Sudah 46 tahun genap usia Warkop DKI tepat di tanggal 7 September 2019 ini. Di mana karya-karyanya terus hidup meskipun kini hanya menyisakan 1 personil yaitu Indro seorang. Falcon Pictures pun memutuskan untuk kembali lagi menelurkan produk Warkop DKI Reborn mereka di tahun ini, yang sejatinya sudah cukup sukses lewat film yang terbagi 2 bagian di tahun 2016 dan 2017 silam.
Total kurang lebih 10 juta penonton hasil akumulasi kedua film tersebut, rasanya tak cukup membuat Falcon Pictures berpuas diri terhadap brand Warkop DKI yang dikenal sebagai kiblat komedi Indonesia yang lawakannya sendiri tak pernah lekang oleh waktu.
Di tengah biasnya tujuan pelestarian karya dan komersialisasi brand Warkop DKI itu sendiri, tak bisa dipungkiri film Warkop DKI Reborn ketiga ini berusaha untuk kembali menggaet penonton muda untuk bisa menyaksikan Warkop DKI yang mungkin tak bisa mereka nikmati sebelumnya terkait generation gap yang cukup jauh.
Tak hanya mengganti sosok Dono, Kasino dan Indro yang sebelumnya diperankan oleh Abimana Aryasatya, Vino G.Bastian dan Tora Sudiro menjadi Aliando Syarief, Adipati dan Randy Danistha, film ini juga mengganti sutradara yang sebelumnya dipegang oleh Anggi Umbara menjadi Rako Prijanto.

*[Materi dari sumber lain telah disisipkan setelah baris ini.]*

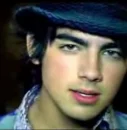 Joe Jonas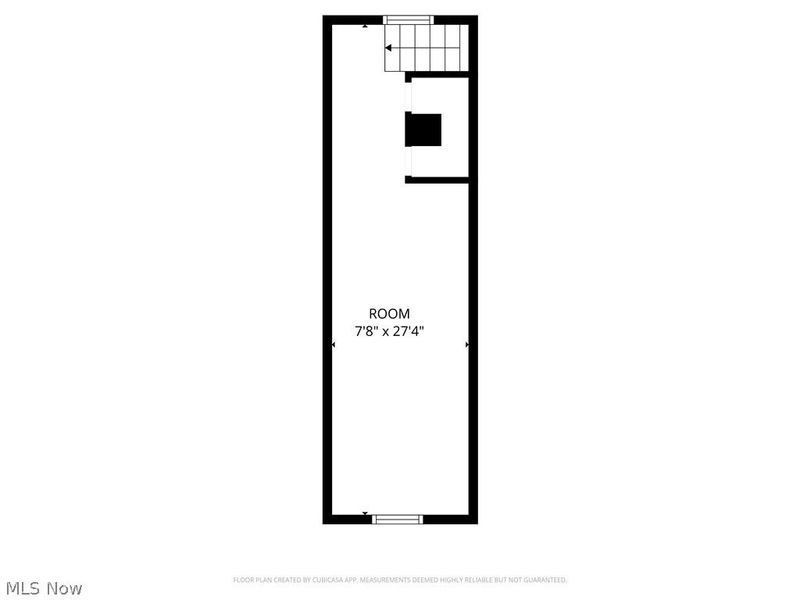 1236 Arnold Avenue, Akron, OH 44305 Photo 11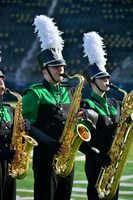 2018-Autzen-R1-Tigard-013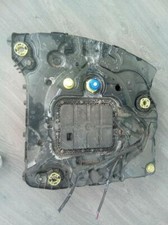 9812915780 serbatoio adblue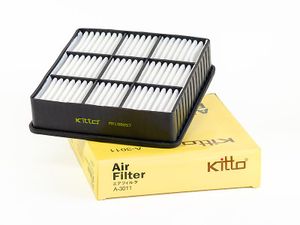 Фильтр воздушный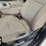 2021-ford-f350-image-36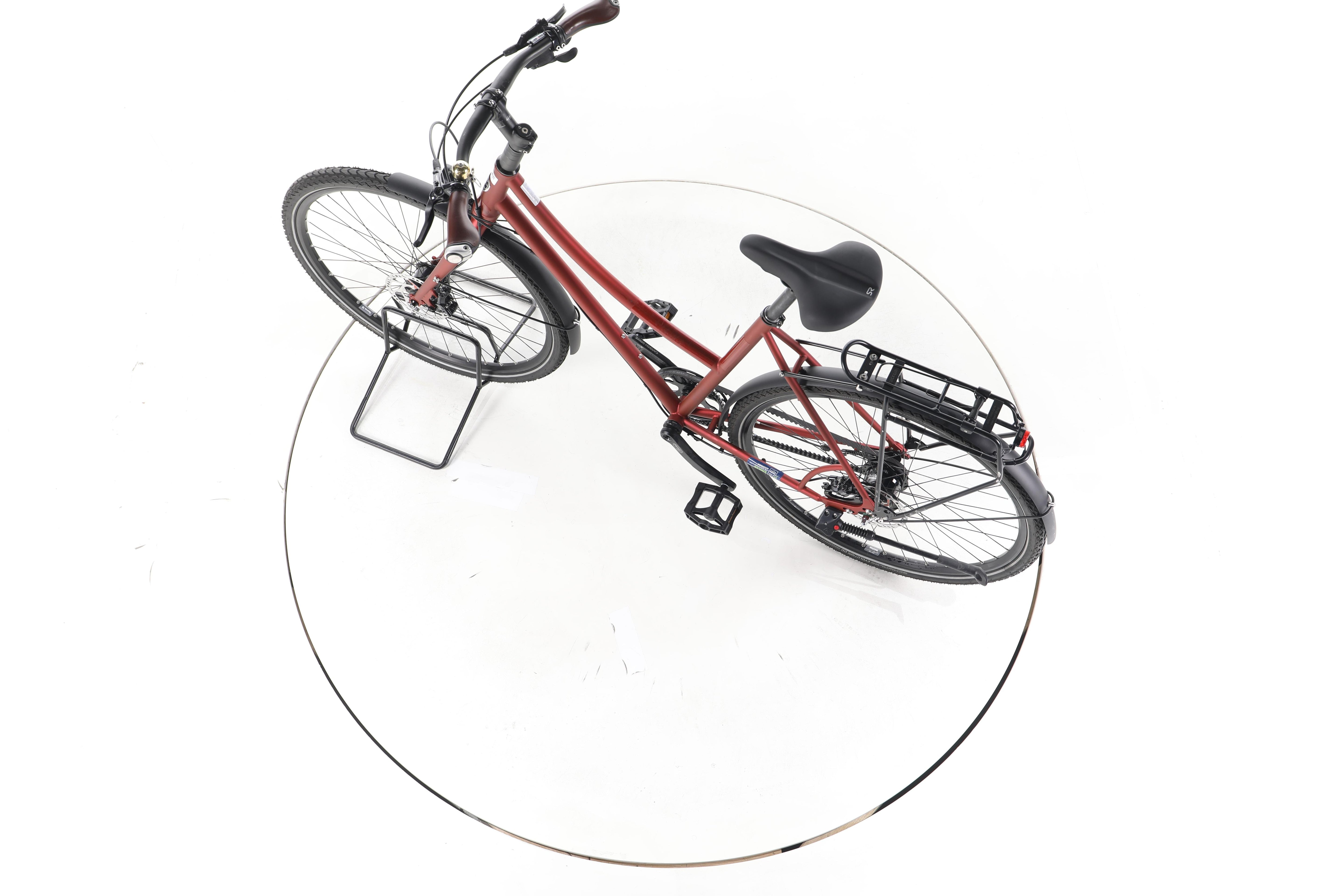 Böttcher Dakkar XT30 - Image 20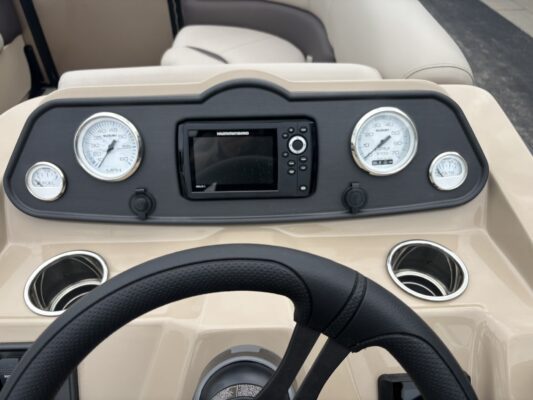 2027 Bentley 200 FNC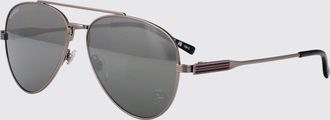 Gucci Occhiali da sole GG1874S Gucci in metallo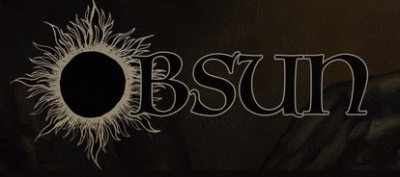 logo Obsun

Perubahan besar pun tentu saja terjadi dalam film Warkop DKI Reborn terbaru.
Namun apakah film ini worth untuk disaksikan?

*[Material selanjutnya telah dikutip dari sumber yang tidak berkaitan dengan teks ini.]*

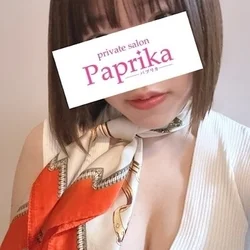  フリーのお客様限定全コース3000円...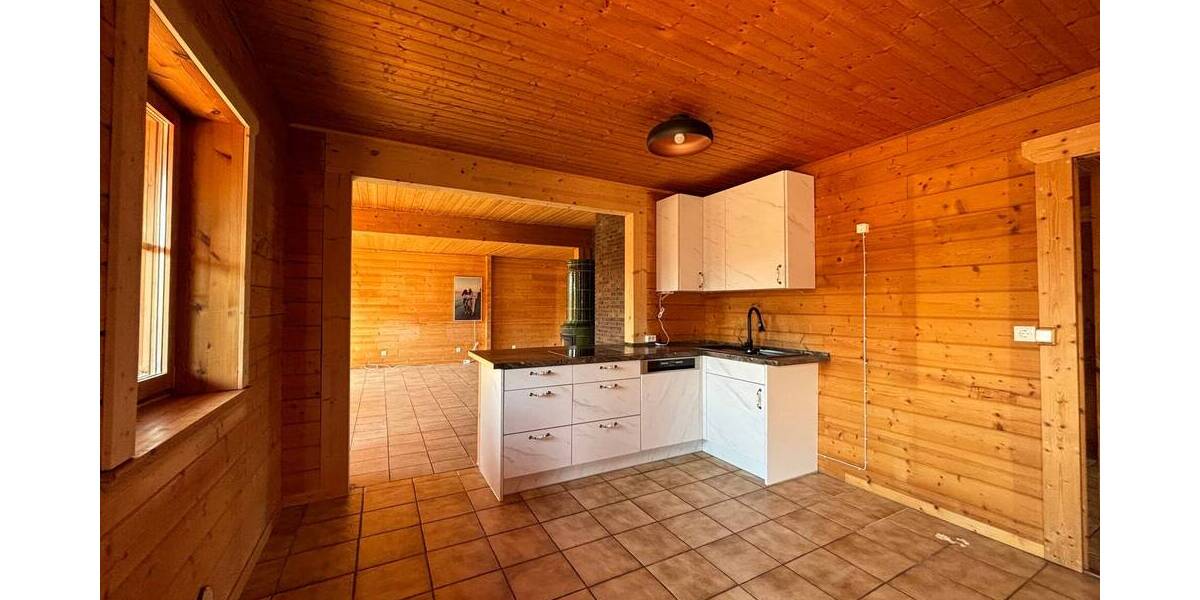 Mehrfamilienhaus, Wohnhaus Wetter Warzenbach - 9 Zimmer, 300 m&sup2;, 349.900&euro; | Angebot:25689218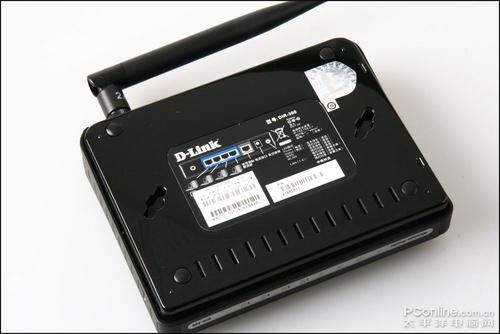 路由器网址是多少 路由器设置网址大全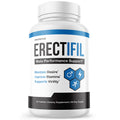 All Natural Support For Men 60 Tablets Y360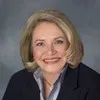 Karen Krasuna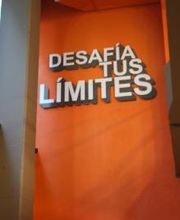 Gimnasio VivaGym Fuenlabrada Central imagen 6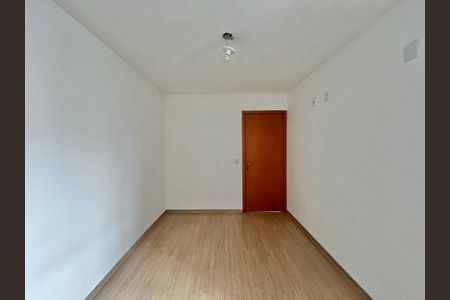 Apartamento à venda com 47m², 2 quartos e 1 vaga Apartamento à venda com 47m², 2 quartos e 1 vagaQuarto 2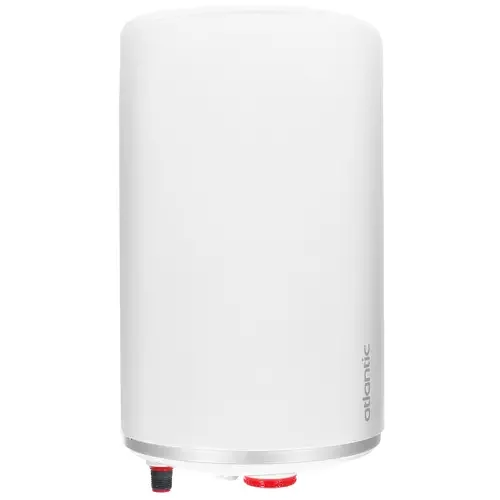 ATLANTIC Электрический водонагреватель EGO 10 RB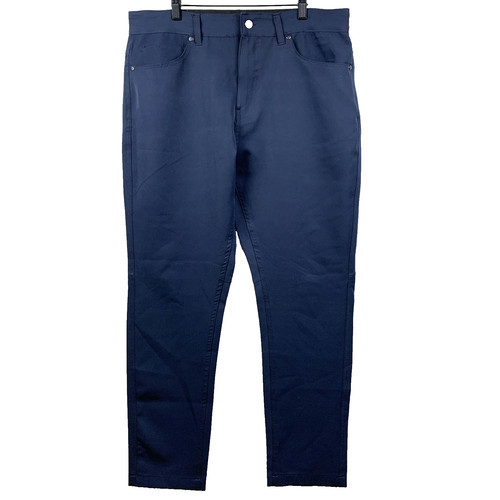 Leg3nd chino pants mens size - pants,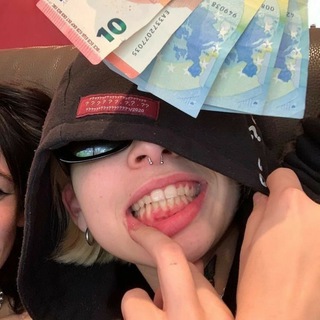 depressedwhite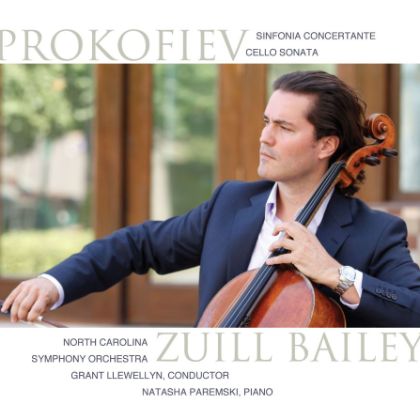 /steinway.com-americas/music-and-artists/label/prokofiev-sinfonia-concertante-cello-sonata-zuill-bailey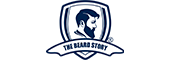 The Beard Story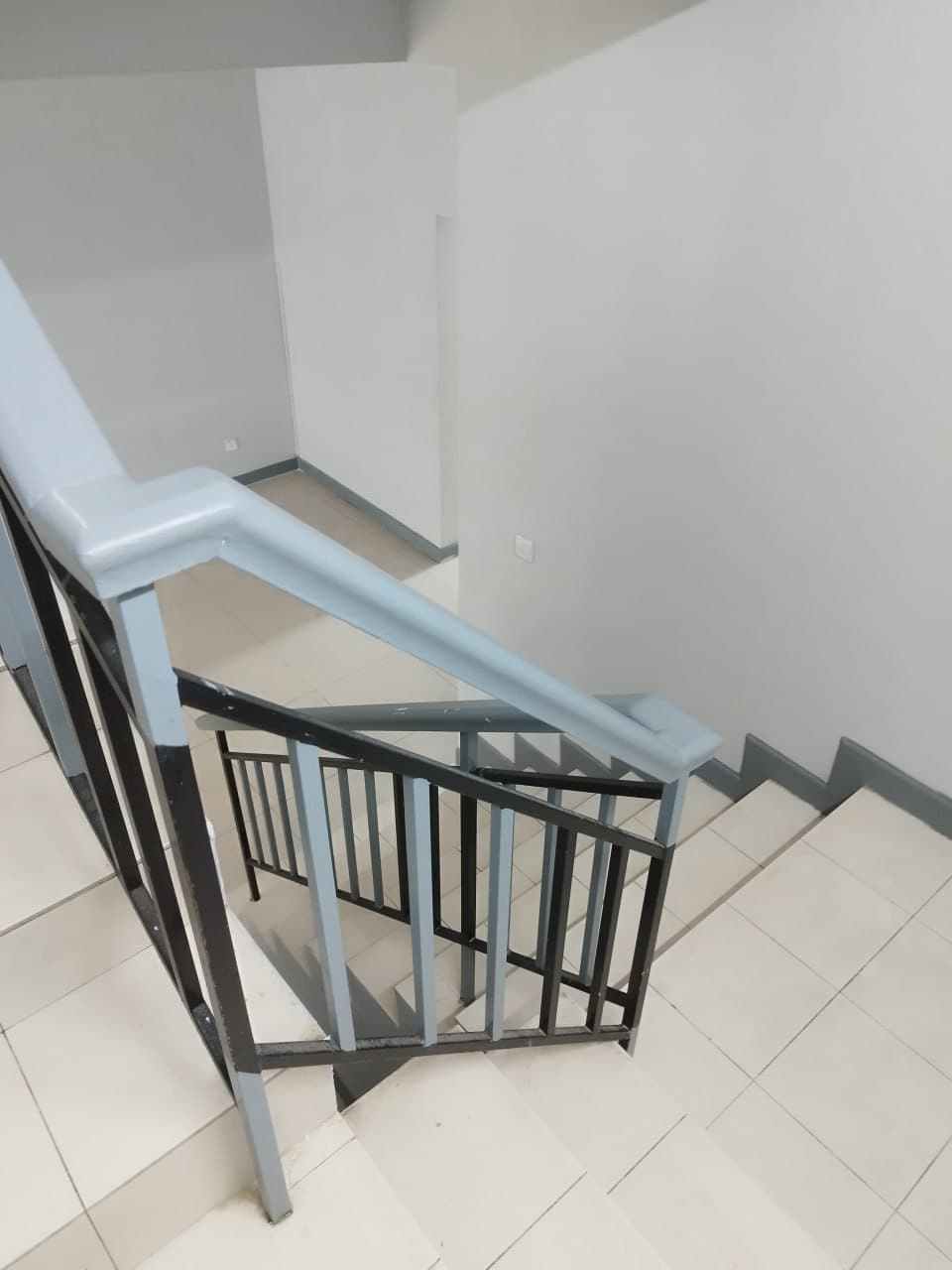 Corner Lot Double Storey Superlink Terrace Laman Glenmarie Shah Alam - Image 1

Tanpa membahas sinopsisnya, inilah ulasan film dengan harga tiket hanya Rp 5.000 di hampir seluruh bioskop nasional, sebagai perayaan hari jadi Warkop DKI ke-46 di hari Sabtu tanggal 7 September 2019 lalu.
Eksekusi Jalan Cerita dan Jokes yang Lebih Rapi
Dibandingkan film Warkop DKI Reborn: Jangkrik Boss part 1 & 2 garapan Anggy Umbara, film Warkop DKI Reborn ketiga yang dipegang oleh Rako Prijanto ini bisa dibilang jauh lebih rapi dalam hal eksekusi ceritanya. Jalan cerita utama film ini masih cukup jelas untuk dimengerti meskipun kemudian diselipkan berbagai jokes non-linear khas Warkop DKI.

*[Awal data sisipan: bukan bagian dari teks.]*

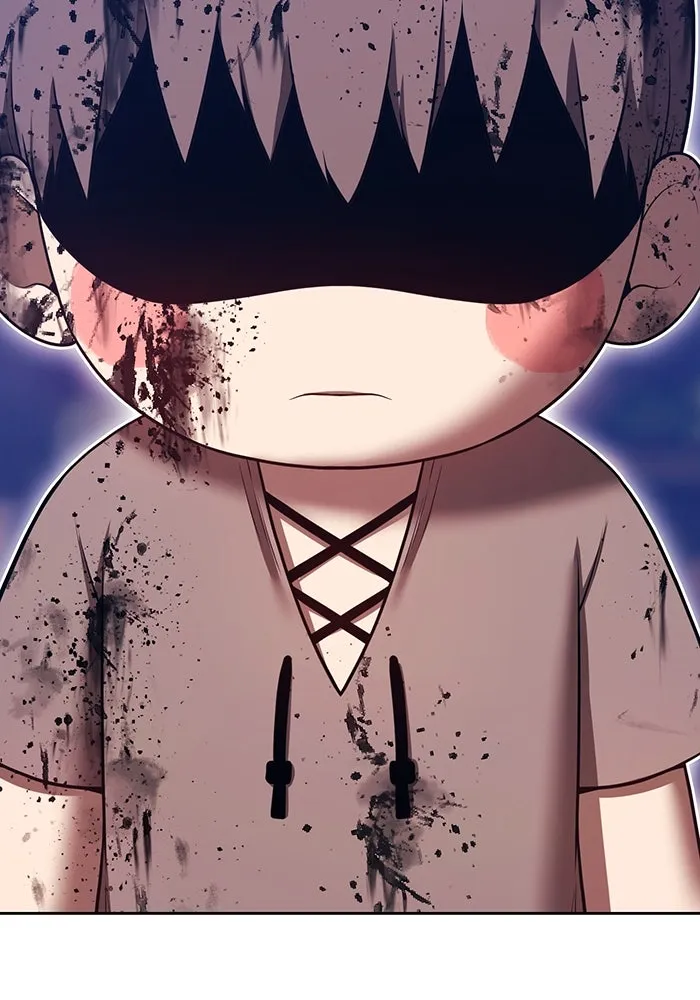 +99 ท่อนไม้พร้อมบวก ตอนที่ 71 npc (1) รูปที่ 128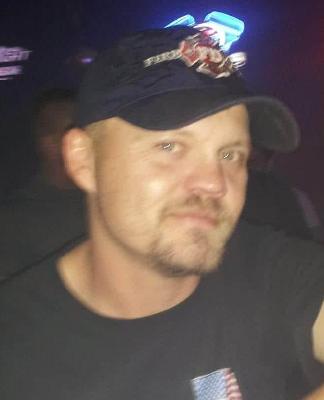 Kirk Jansky death by force case in Perry, FL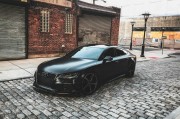如何處理汽車劃傷問題？處理汽車劃傷的方法有哪些優缺點？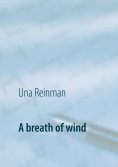ebook: A breath of wind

Berbeda dengan Anggy yang lebih banyak mengambil referensi film Warkop semisal Chips, Maju Kena Mundur Kena dan Setan Kredit, Rako cenderung mengambil referensi film-film Warkop DKI yang lebih lawas semisal Mana Tahan, Gengsi Doong dan Pintar-pintar Bodoh.
Rako kemudian melengkapinya lewat tone film yang berwarna lebih kecoklatan untuk menghasilkan efek warm khas film jadul. Dengan gaya berpakaian yang juga khas film-film Warkop kala almarhum Nanu masih melengkapi formasi tersebut.
Warkop DKI Reborn kali ini juga menawarkan pengalaman sinematik yang jauh lebih baik. Kombinasi teknik pengambilan gambar melalui drone atau wide shoot seperti kala adegan di Maroko, memberikan cinematic experience yang cukup baik dan memuaskan. Ya, dari sisi sinematik Warkop DKI Reborn ketiga ini jelas satu step lebih baik dibanding pendahulunya.
Dari sisi komedi film ini tak disangka cukup menghibur, meskipun di beberapa bagian memang masih nampak garing dan hanya berhasil mendatangkan senyum simpul, bukan tertawa lebar. Penulis yang sebelumnya tak berekspektasi lebih dengan film ini, lantas cukup terpuaskan dengan deretan lawakan yang muncul dan berpadu rapi dengan runutnya jalan cerita.